Short text fragments from websites:

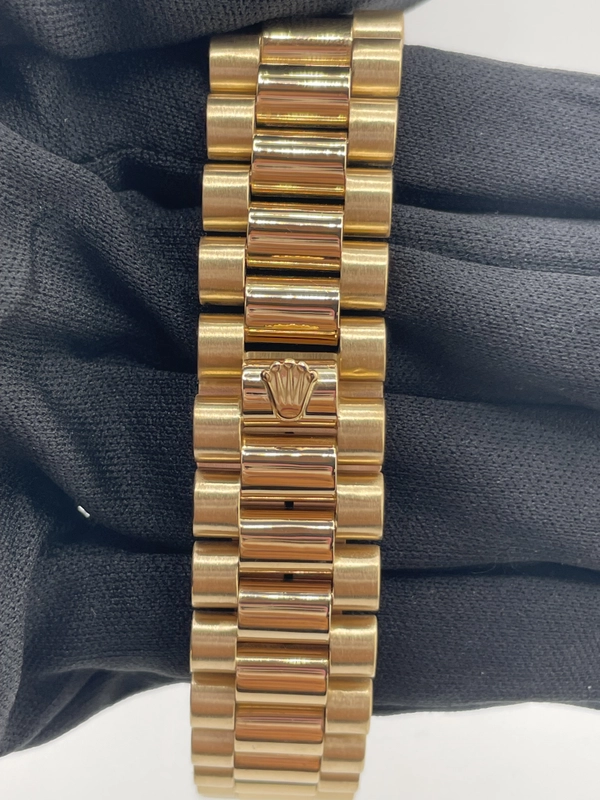 Rolex Daydate Champagne Stick Dial on President Ref. 18238 Papers 1991 view 4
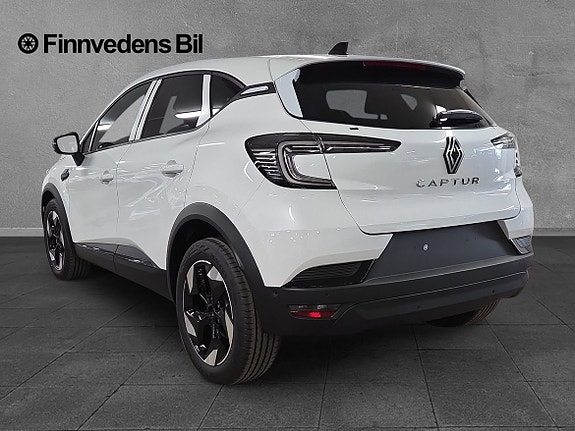 Renault Captur 4 of 5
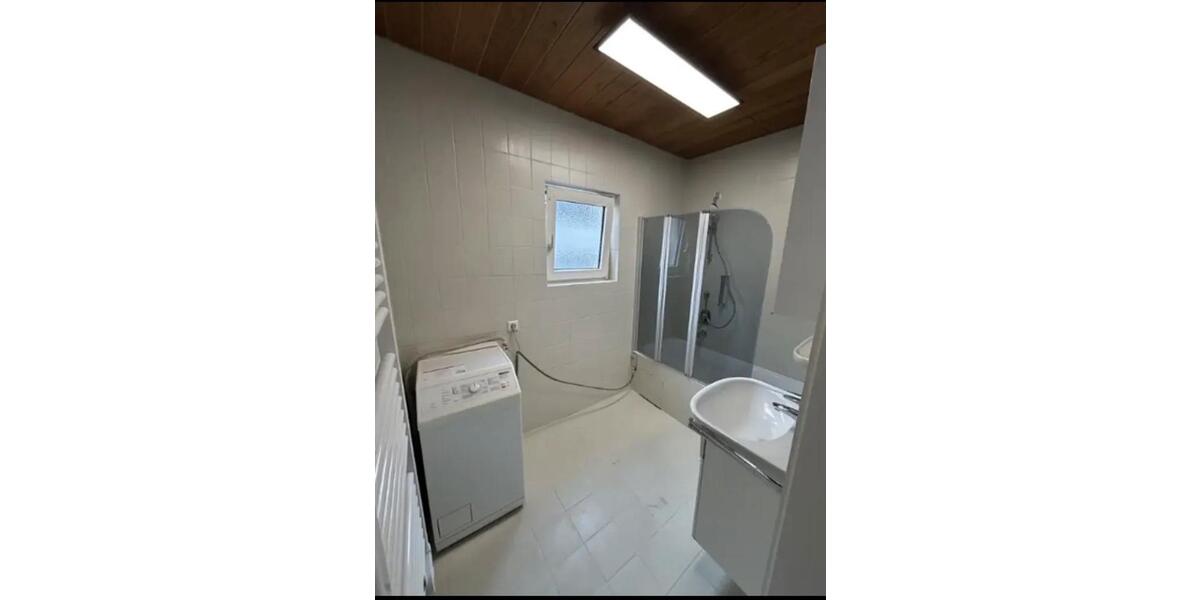 Etagenwohnung Stuttgart Lehen - 1 Zimmer, 17 m&sup2;, 615&euro; | Angebot:26232804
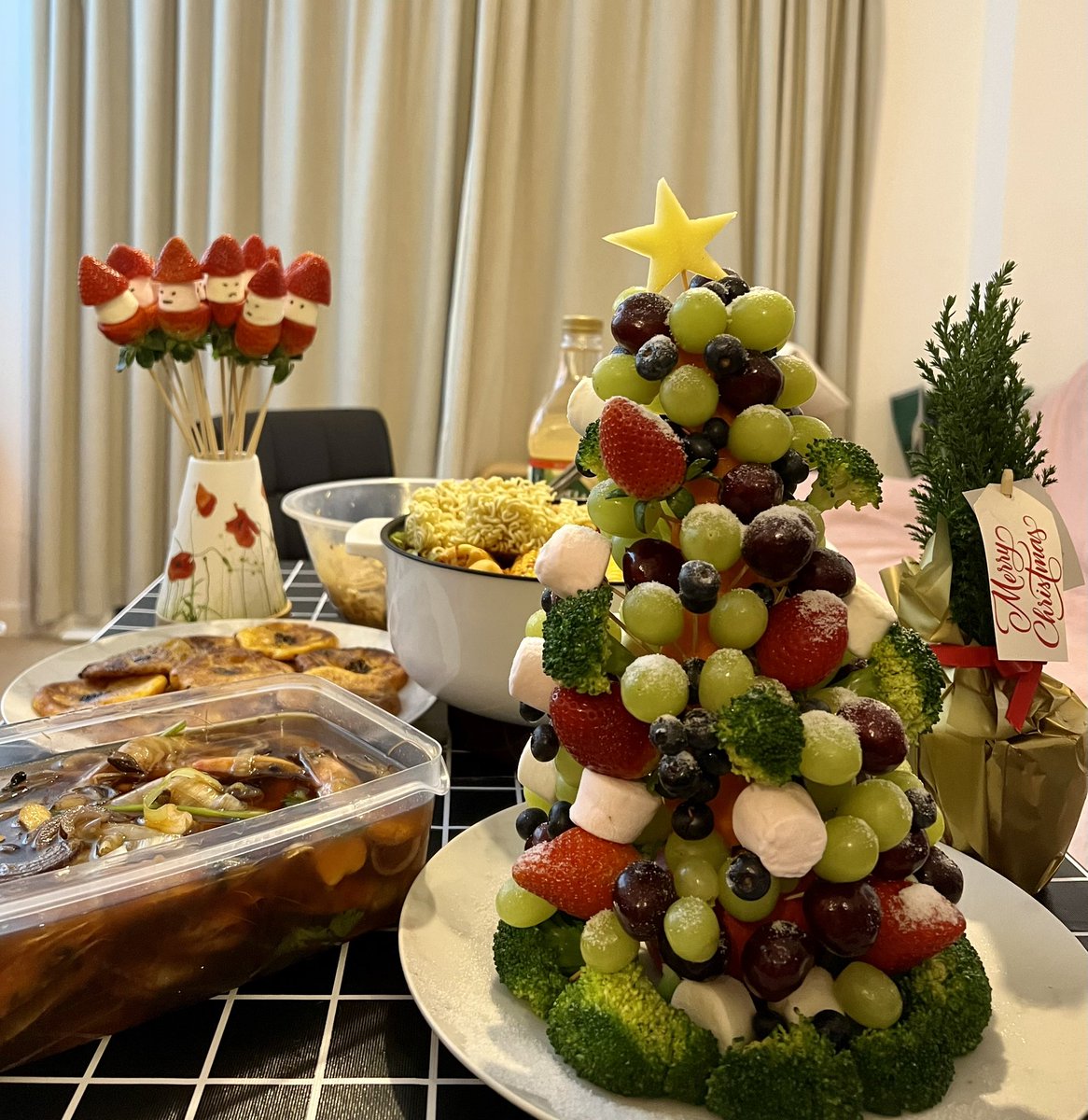 Happy new year！

The most fun was making this Fruit #ChristmasTree and Strawberry #Snowman with my friends!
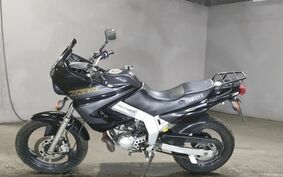 YAMAHA TDR125 DE04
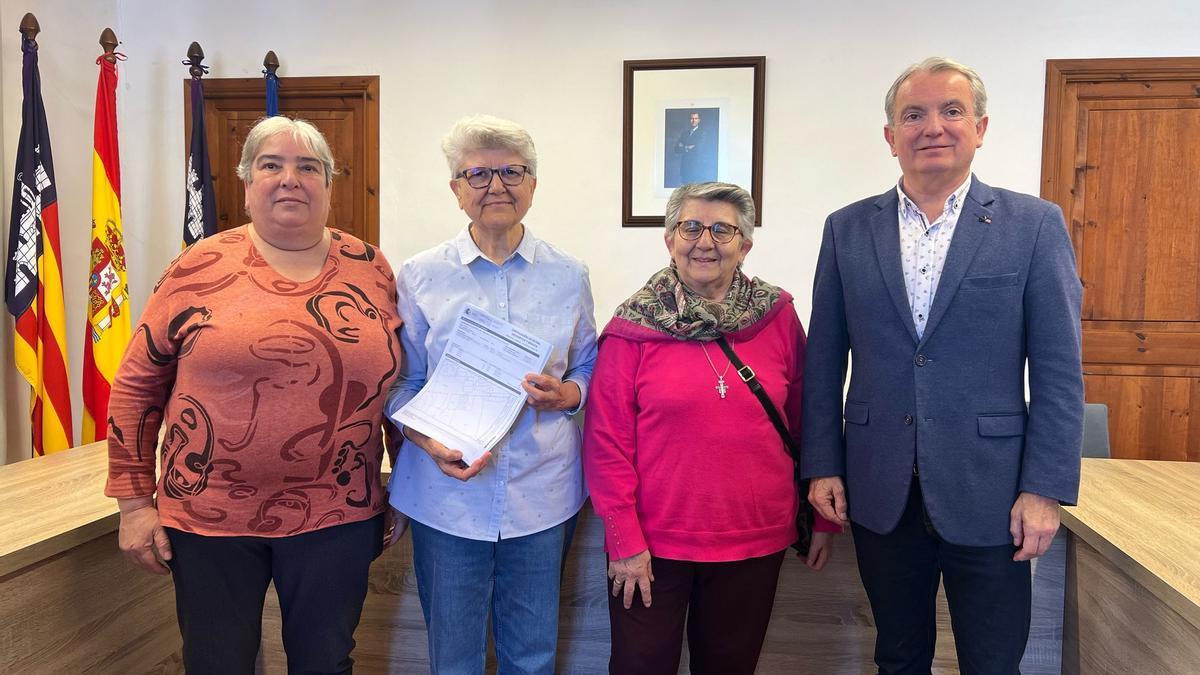 Las autoridades, con las representantes de la comunidad de franciscanas, después de firmar la compraventa.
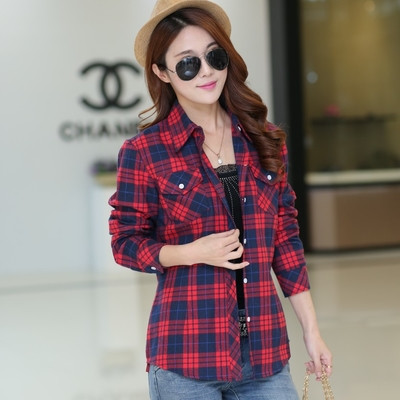 Alkalmi női kockás ing különböző színekben, dekoratív zsebekkel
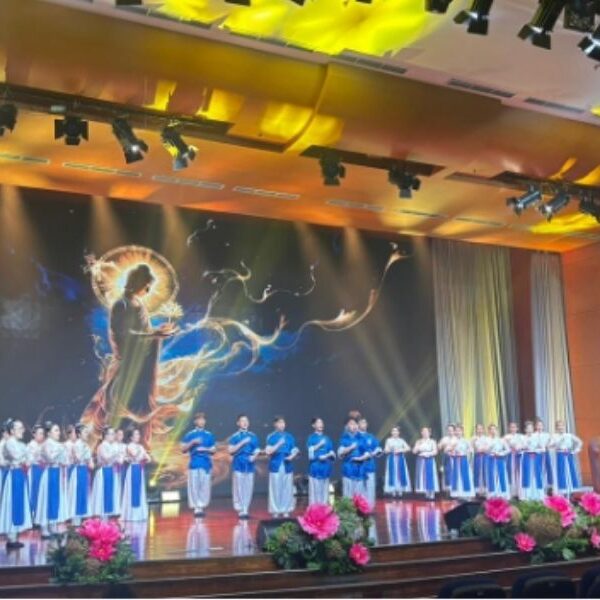 Penampilan Isyarat Tangan oleh Siswa Kelas XII SMA Cinta Kasih Tzu Chi pada Acara Waisak DAAI TV 2026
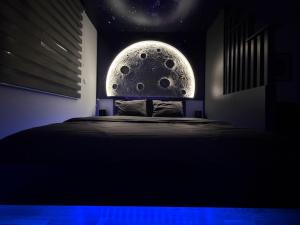 Predsjednički apartman, Djakuzi&Lebdeći krevet, Apollo 11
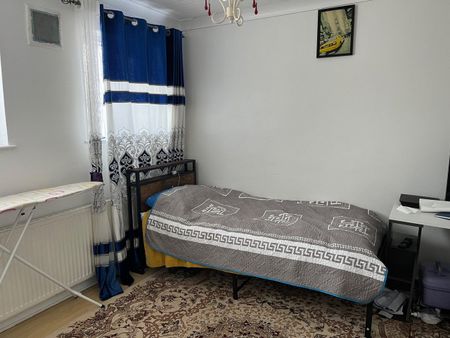 3 Bed Terraced House, Sangley Road, SE6 - Photo 2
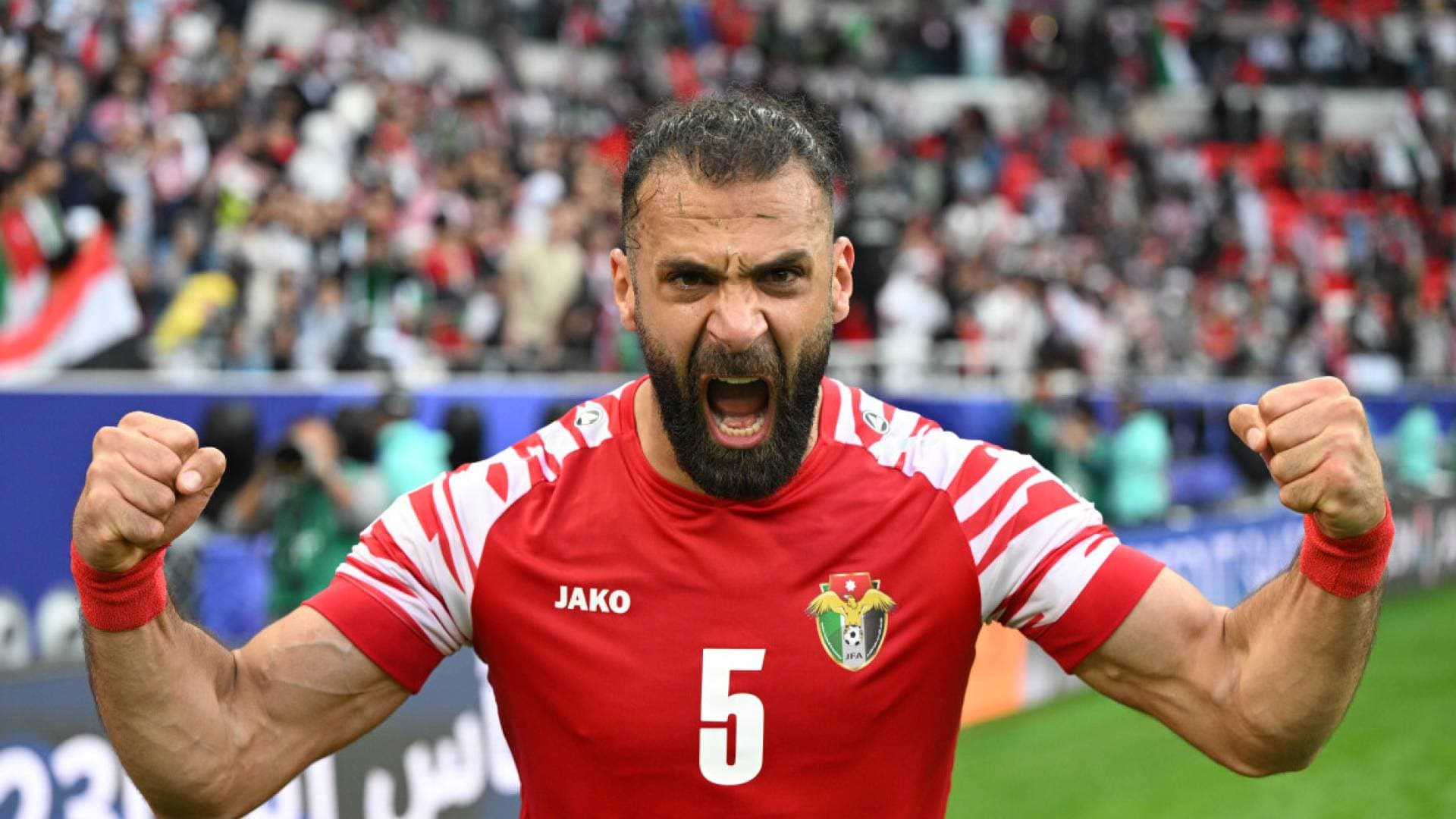 يزن العرب يشعل منصات التواصل بهدف تاريخي في شباك برشلونة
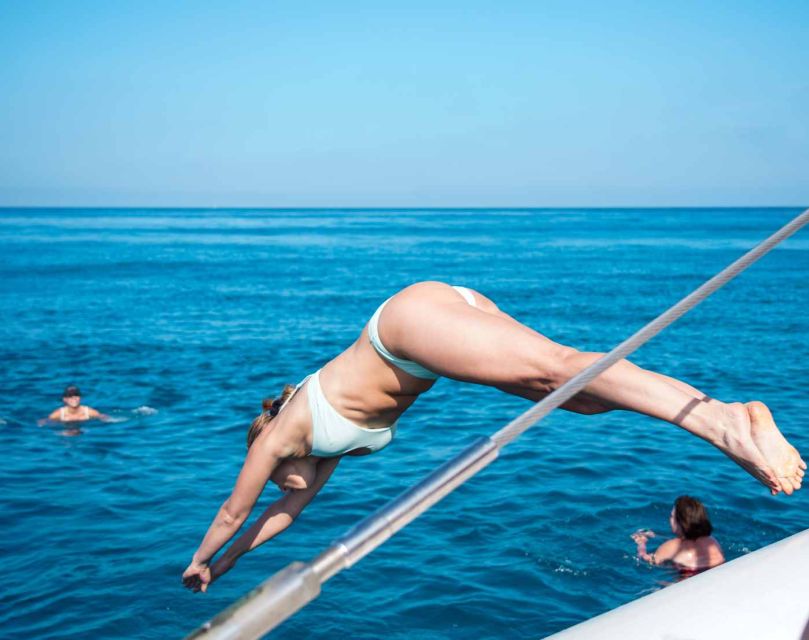 From Denia: Boat Trip to Tallada Cave with Optional Swim - Cruising Toward Cova Tallada: The Main Attraction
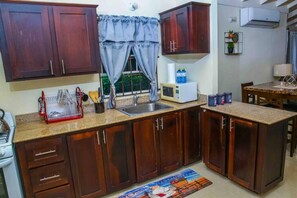 Casa familiar | Cuina privada | Frigorífic gran, microones, forn i placa de cuina 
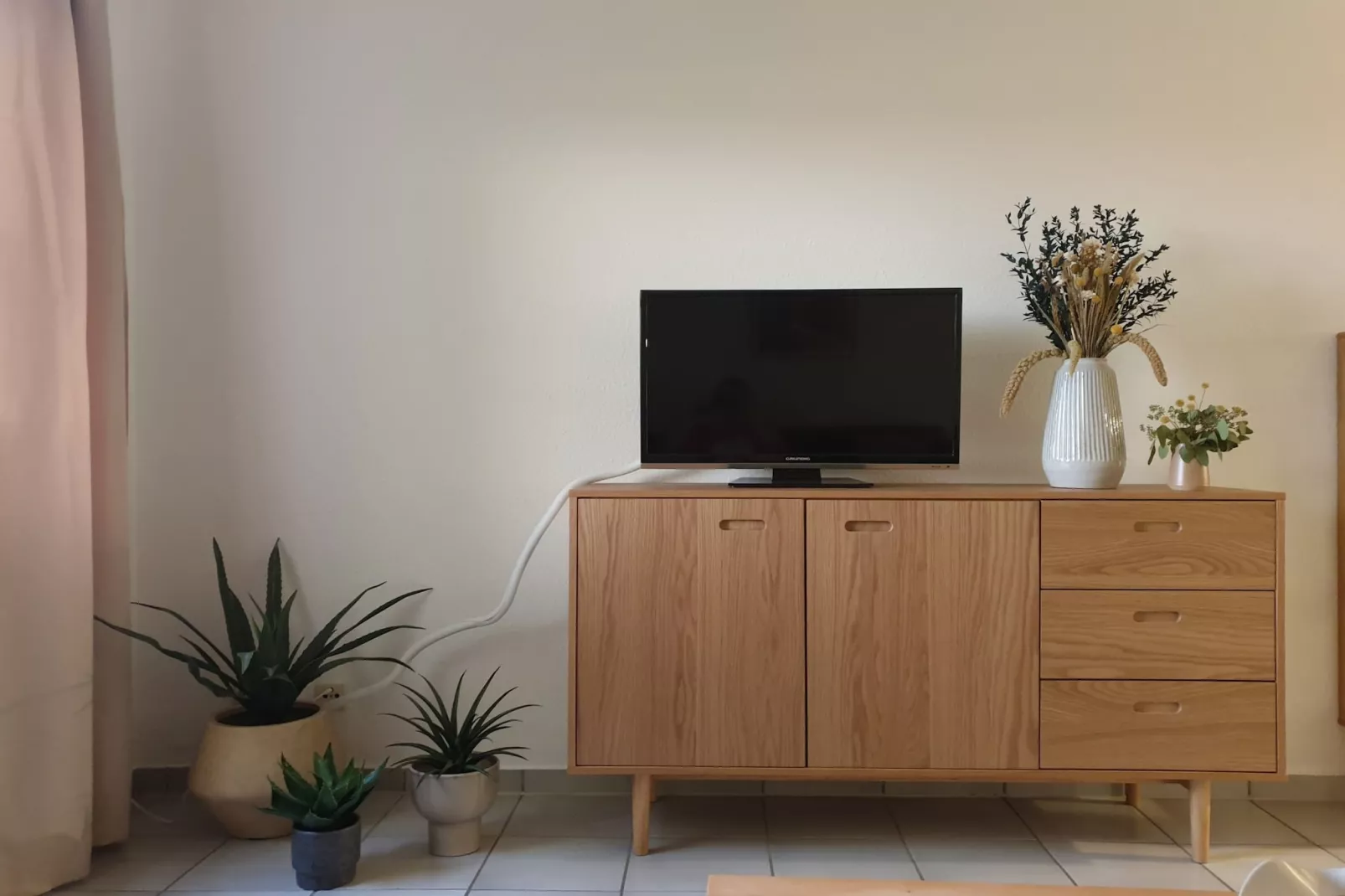 Ferienwohnung Terrasse und Aussicht - Woonkamer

Work order :: Without the pictures, restate all the entries above exactly.

Exercise result ::
 Rolex Daydate Champagne Stick Dial on President Ref. 18238 Papers 1991 view 4
 Renault Captur 4 of 5
 Etagenwohnung Stuttgart Lehen - 1 Zimmer, 17 m&sup2;, 615&euro; | Angebot:26232804
 Happy new year！

The most fun was making this Fruit #ChristmasTree and Strawberry #Snowman with my friends!
 YAMAHA TDR125 DE04
 Las autoridades, con las representantes de la comunidad de franciscanas, después de firmar la compraventa.
 Alkalmi női kockás ing különböző színekben, dekoratív zsebekkel
 Penampilan Isyarat Tangan oleh Siswa Kelas XII SMA Cinta Kasih Tzu Chi pada Acara Waisak DAAI TV 2026
 Predsjednički apartman, Djakuzi&Lebdeći krevet, Apollo 11
 3 Bed Terraced House, Sangley Road, SE6 - Photo 2
 يزن العرب يشعل منصات التواصل بهدف تاريخي في شباك برشلونة
 From Denia: Boat Trip to Tallada Cave with Optional Swim - Cruising Toward Cova Tallada: The Main Attraction
 Casa familiar | Cuina privada | Frigorífic gran, microones, forn i placa de cuina 
 Ferienwohnung Terrasse und Aussicht - Woonkamer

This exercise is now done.